Ey Peygamber!

Sen ki göklere kaldırdın iyilik sancağını,
Sen ki yerlere gömdün kötülüğün adını…
Sanıyor musun ki öldü Ebu Cehiller,
Ve ölmediler bir daha ezilerek sefiller?!

Gözlerimle görür gibiyim seni,
“Yen!” diyorsun “kara kalpli gölgeni”…
Oysa gölge olmaktan çıktı kötülük bende,
Ve iyilik yenildi, künde üstüne künde…

Kötülüğün postalları, geziyor kabrinin üzerinde,
Batılı kuşandı kötülüğü, Ebu Cehillerin yerine…
Gözlerinin ortasından vuruyor, öldürüyor bebekleri,
Torununun katili Yezid, Kerbela’da Amerikan askeri…

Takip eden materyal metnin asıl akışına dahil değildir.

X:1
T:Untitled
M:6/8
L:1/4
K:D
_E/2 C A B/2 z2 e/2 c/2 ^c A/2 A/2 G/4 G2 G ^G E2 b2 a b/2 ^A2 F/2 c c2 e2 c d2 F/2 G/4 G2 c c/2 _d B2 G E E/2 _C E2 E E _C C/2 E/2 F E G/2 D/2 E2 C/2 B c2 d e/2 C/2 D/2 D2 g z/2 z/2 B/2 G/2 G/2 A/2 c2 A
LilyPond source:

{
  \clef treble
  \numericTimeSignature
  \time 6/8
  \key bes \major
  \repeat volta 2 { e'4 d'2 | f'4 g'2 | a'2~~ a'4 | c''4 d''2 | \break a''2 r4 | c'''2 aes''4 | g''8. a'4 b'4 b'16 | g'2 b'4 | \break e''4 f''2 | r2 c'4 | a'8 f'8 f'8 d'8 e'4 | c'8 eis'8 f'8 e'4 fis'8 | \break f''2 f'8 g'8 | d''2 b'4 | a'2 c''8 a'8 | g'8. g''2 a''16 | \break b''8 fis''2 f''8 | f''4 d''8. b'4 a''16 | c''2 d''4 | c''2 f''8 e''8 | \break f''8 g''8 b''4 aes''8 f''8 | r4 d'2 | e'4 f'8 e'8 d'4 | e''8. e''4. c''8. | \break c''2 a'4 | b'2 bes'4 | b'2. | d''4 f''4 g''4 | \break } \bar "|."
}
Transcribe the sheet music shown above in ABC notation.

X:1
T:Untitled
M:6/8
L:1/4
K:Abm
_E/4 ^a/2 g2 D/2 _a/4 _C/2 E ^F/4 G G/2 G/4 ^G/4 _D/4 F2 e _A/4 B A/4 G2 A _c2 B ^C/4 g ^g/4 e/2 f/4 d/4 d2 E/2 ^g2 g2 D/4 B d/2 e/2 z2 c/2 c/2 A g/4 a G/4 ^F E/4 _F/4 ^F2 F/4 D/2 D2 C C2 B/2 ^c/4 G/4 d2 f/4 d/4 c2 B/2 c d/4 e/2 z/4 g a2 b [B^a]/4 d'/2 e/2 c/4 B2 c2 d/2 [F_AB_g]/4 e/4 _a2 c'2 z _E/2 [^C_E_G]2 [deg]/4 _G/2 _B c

Kalbimiz umutsuz, gönlümüz mahzun,
İsa gökten inmedi, ve sen de yoksun…
Kötülük, hakim olmak üzre bizlere,
Acısın tarih, bizden sonra gelenlere… 

Baharlar gelsin artık binlerce çiçek ve güller,
Gülsün yüzü müminlerin, ötsün bize bülbüller…
Tekrar kubbeler yükseltsin Sinan gönüllerde,
Ve Fatih’lerin atları, coşsun güzel sahillerde…

Kalksın ayağa tekrar sancağıyla Ömer’ler Ali’ler,
Coşsun Kudüs önlerinde Selahaddin Eyyubi’ler…
Ve görsün dünya müjdelenmiş asil kumandanı,
Yeni çağlar açalım, keşfedelim İstanbul’ları…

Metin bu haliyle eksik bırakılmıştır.